Records drawn from a dataset
##########
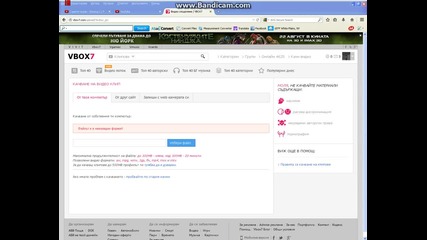 firefox 2014-08-17 15-51-37-812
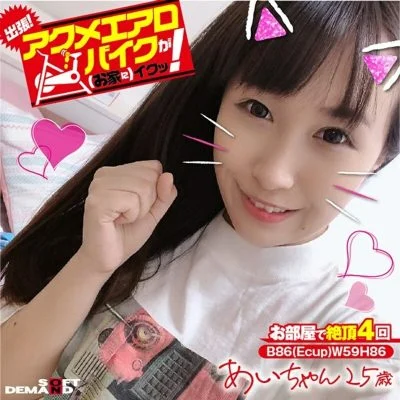 KKTN-015 Business trip! Acme exercise bike is good (at home)! Ai-chan 25 years old Ai Kayama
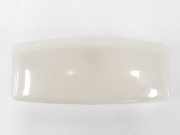 Innenbeleuchtung 63319270506 BMW 1 serie (F20) Schrägheck 5-drs 116d 2.0 16V (N47-D20C) 2014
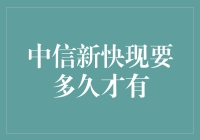 中信新快现到底要多久才能到手？——揭秘信用支付的真相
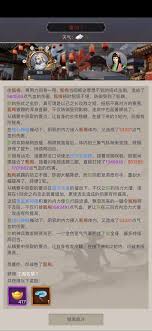 腿法职业如何轻松通关雷火关卡？这些技巧你必须掌握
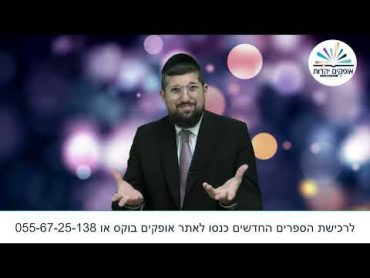 4 שקלים שהניבו 100,000 דולר  פרשת כי תצא תשפ&39;&39;ב  הרב אליהו עמר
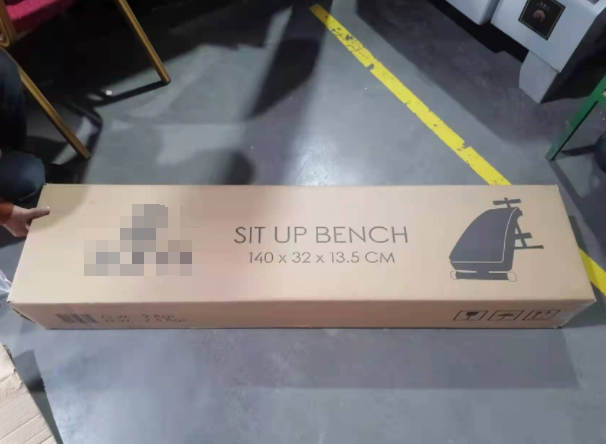 IUNNDS Kanglaibao Color Customized Weight Bench Gym Fitness Set for Training details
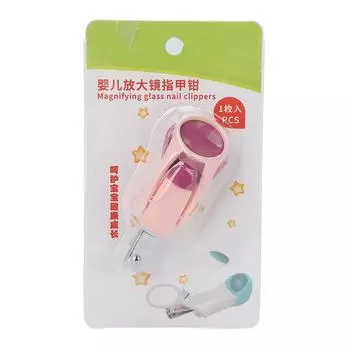 Машинки для стрижки ногтей Zoom Легкие маникюрные машинки Zoom с увеличительным стеклом для малышей в возрасте(розовый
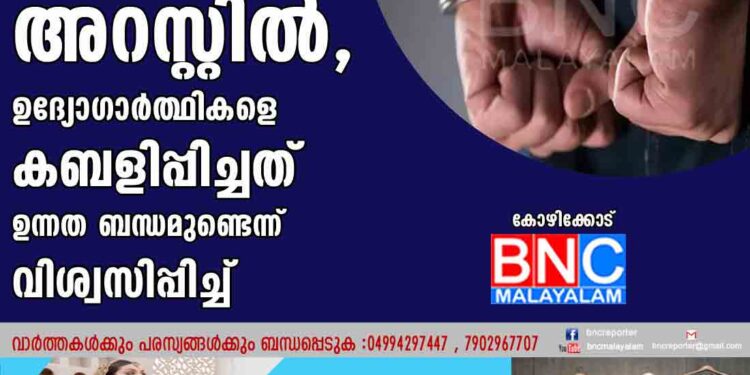 തട്ടിപ്പുകേസിൽ സംഗീത സംവിധായകൻ അറസ്റ്റിൽ, ഉദ്യോഗാർത്ഥികളെ കബളിപ്പിച്ചത് ഉന്നത ബന്ധമുണ്ടെന്ന് വിശ്വസിപ്പിച്ച്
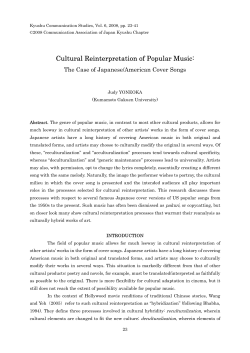 Cultural Reinterpretation of Popular Music:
##########
Your job is to transcribe the entries above exactly; skip the pictures.

 firefox 2014-08-17 15-51-37-812
 KKTN-015 Business trip! Acme exercise bike is good (at home)! Ai-chan 25 years old Ai Kayama
 Innenbeleuchtung 63319270506 BMW 1 serie (F20) Schrägheck 5-drs 116d 2.0 16V (N47-D20C) 2014
 中信新快现到底要多久才能到手？——揭秘信用支付的真相
 腿法职业如何轻松通关雷火关卡？这些技巧你必须掌握
 4 שקלים שהניבו 100,000 דולר  פרשת כי תצא תשפ&39;&39;ב  הרב אליהו עמר
 IUNNDS Kanglaibao Color Customized Weight Bench Gym Fitness Set for Training details
 Машинки для стрижки ногтей Zoom Легкие маникюрные машинки Zoom с увеличительным стеклом для малышей в возрасте(розовый
 തട്ടിപ്പുകേസിൽ സംഗീത സംവിധായകൻ അറസ്റ്റിൽ, ഉദ്യോഗാർത്ഥികളെ കബളിപ്പിച്ചത് ഉന്നത ബന്ധമുണ്ടെന്ന് വിശ്വസിപ്പിച്ച്
 Cultural Reinterpretation of Popular Music:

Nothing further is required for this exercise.